> **PROBLEM REQUIREMENTS**: The whole listing is to be written out again exactly; the pictures are not.

> **INPUT DATA**:
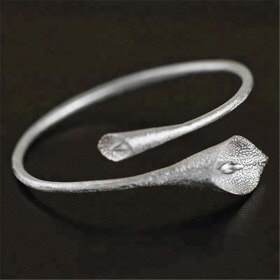 Handmade-Flower-Design-925-silver-cuff-bangle (4)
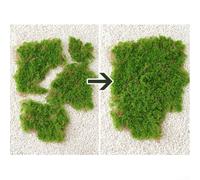 Enhance Your Garden with Realistic Artificial Turf Flocking Lawn for Indoor and Outdoor Decoration (Pale Green 30×30)
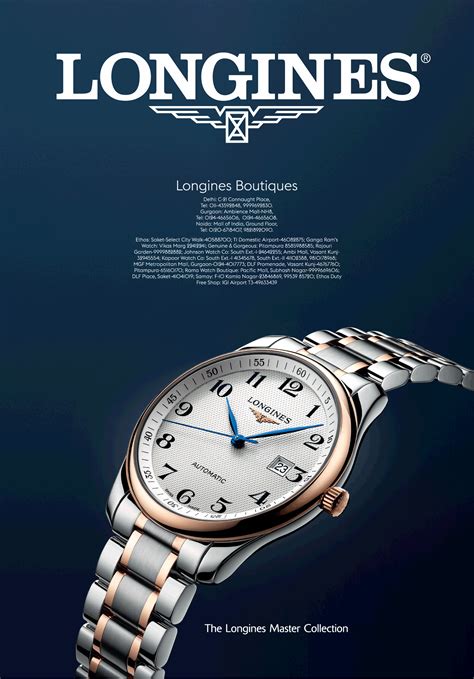 Longines Boutiques The Longines Master Collection Ad - Advert Gallery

> **WRITTEN RESPONSE**:
 Handmade-Flower-Design-925-silver-cuff-bangle (4)
 Enhance Your Garden with Realistic Artificial Turf Flocking Lawn for Indoor and Outdoor Decoration (Pale Green 30×30)
 Longines Boutiques The Longines Master Collection Ad - Advert Gallery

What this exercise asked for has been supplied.